I recently had a chance to have a conversation with Kimberly Palmer, author of Generation Earn, and writer for the US News. What an insightful, personable, and refreshing interview! I could tell after only a few minutes that Kimberly has combined both her personal experiences in “life” and extensive knowledge in personal finance to formulate her opinions. And some of her answers may surprise you! I’ve included an excerpt of the interview below:

Your perspective on personal finance is a very interesting one. It’s basically a dichotomy where you advocate “spending in this area” but “scrimping in this area.” For example, a professional wardrobe may be worth spending money on. It seems that this is a fine line to draw, especially for most young professionals who might take this as carte blanche to go nuts on new clothes for themselves. Most typical financial gurus advocate “frugality” across the board. Where did you come up with this perspective?

KP: I used to feel like a hypocrite because I am a personal finance writer but I spend a lot of money in some areas, like on time-saving services such as grocery delivery. But then I realized that I was behaving completely rationally and it doesn’t make any sense to apply a frugal attitude across the board. Spending on anything that will advance your career, like a new website, or coaching, can pay back big time later. And what could be a better purchase than something that saves you time?

Where did you get the inspiration for your book — from your own personal experience? And, if so, was this a type of “success story” for you? Or did you have good solid money habits from the get-go?

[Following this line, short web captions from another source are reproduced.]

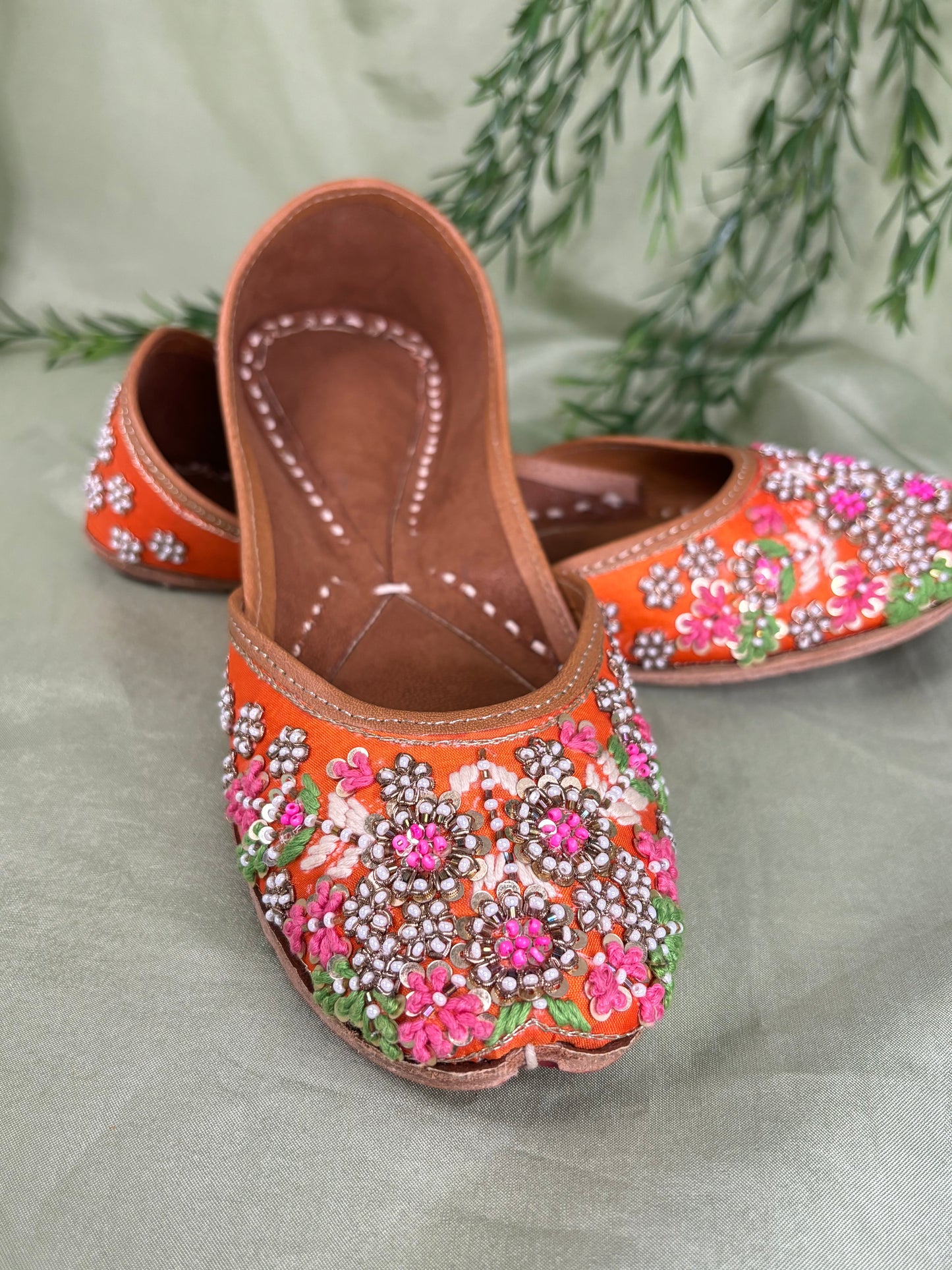 Orange pearl detail jutti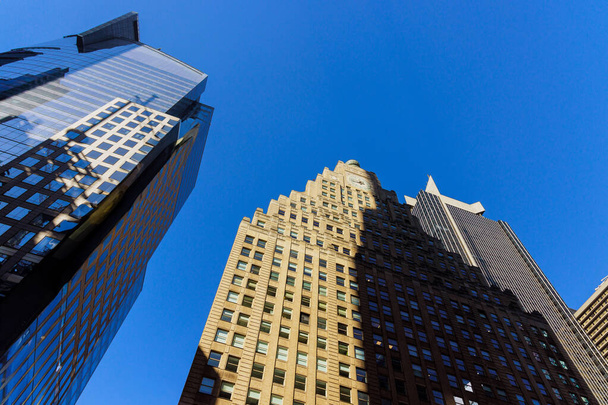 Manhattan, New York City USA Paysage urbain moderne avec gratte-ciel Bâtiments de bureaux d'affaires de bas en haut. - Photo, image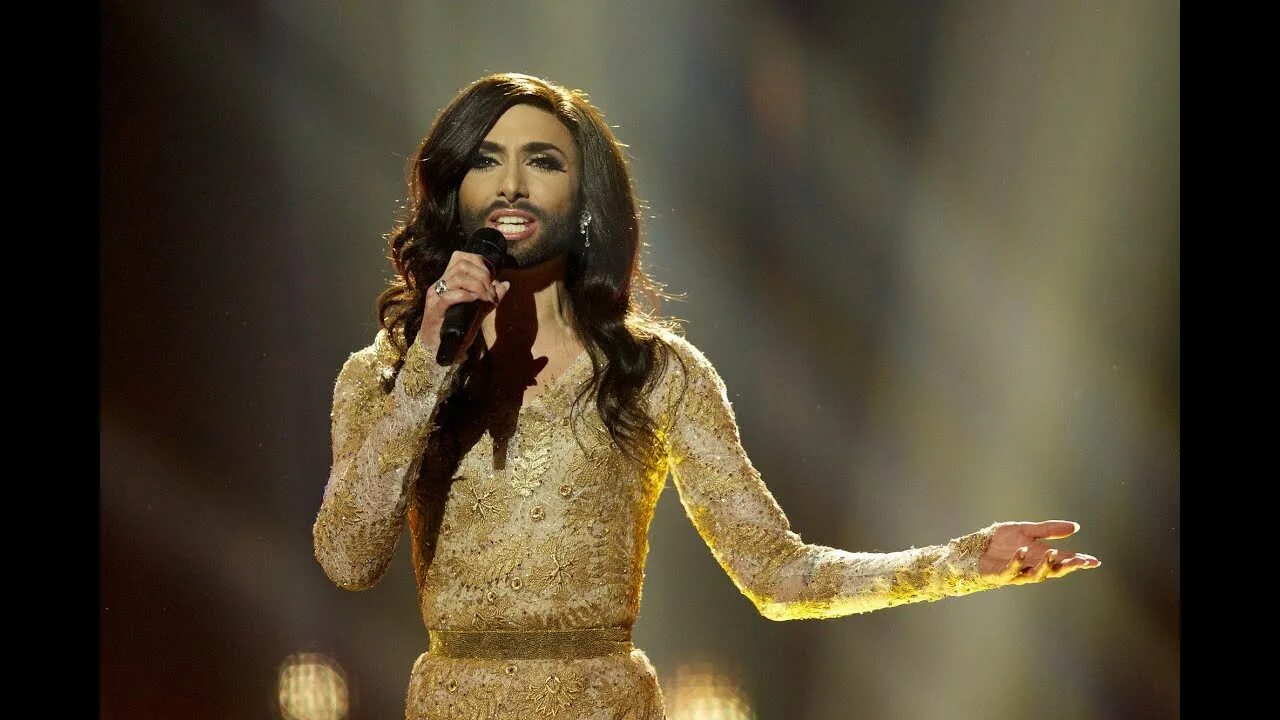 Который поет на евровидение. Бородатая женщина на евровидение. Maneskin группа 2021. Conchita wurst eurovision 2014. Кончита мартинес фото.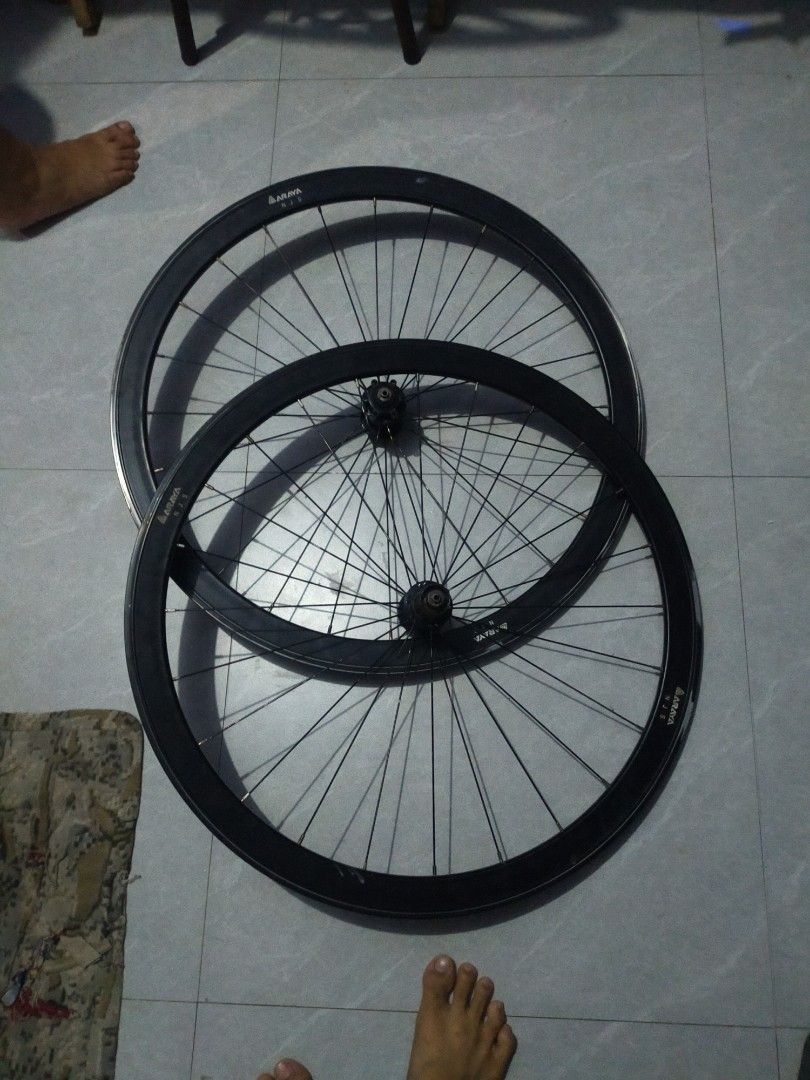 Bike Wheelset (Category: Bicycles) located in Taguig. Submitted by azymarie (Listing ID 1400613748, Image 1). Description: Araya njs rimset 30mm 100 percent threadlife pwede rim brake pwede din disc saglit lang nagamit. from 3k to 1800 na lang - Ideal for upgrades or replacements.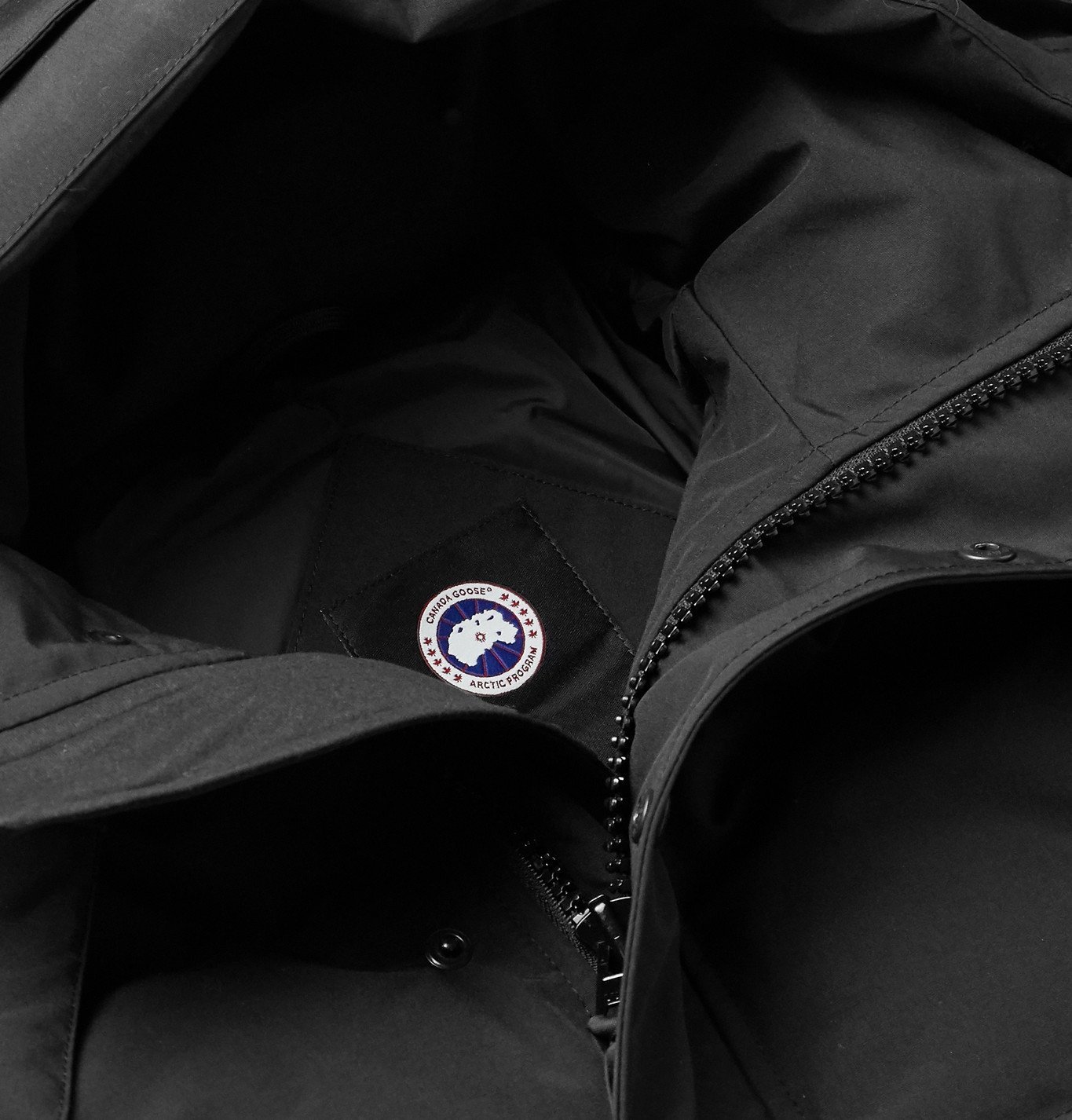 Canada Goose Wyndham Slim Fit Quilted Arctic Tech Down Hooded Parka Black Canada Goose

KP: It’s not that I have the best money habits, but I just didn’t relate to the “generation debt” stereotype that’s always being applied to our generation. It makes me kind of mad that anyone who’s part of generation X or generation Y is automatically stereotyped as being really bad with money and drowning in debt. It’s just not true. If anything, the recession has inspired us to learn more about the economy and be better with our finances. I wrote Generation Earn to help people in that situation – people who also wanted to focus on the positive side of money and everything it can do for them, from creating financial security to supporting their families to giving back.

What role do parents play in the personal finances of their children? As a recent first-time mother, that question must have already crossed your mind. It seems to me that parents play a huge role in instilling these values BEFORE graduation. Your thoughts?

KP: I completely agree. My mom wrote a letter to my sisters and me when we were in high school that basically explained to us why it’s so important to save and live below your means. Even more than that letter, she and my dad basically taught us that lesson by example. That’s probably the most important thing parents can do – I hope to do the same for my daughter!

Your book includes a lengthy section on giving back. What are some of the charities on your donation list, and why?

KP: I am really drawn to charities that work with young children or high school students. The movie Slumdog Millionaire inspired me to find a charity in India that works with street children. I’ve also really enjoyed supporting a nonprofit in Chicago called Literature for All of Us that promotes literacy and writing among high school students.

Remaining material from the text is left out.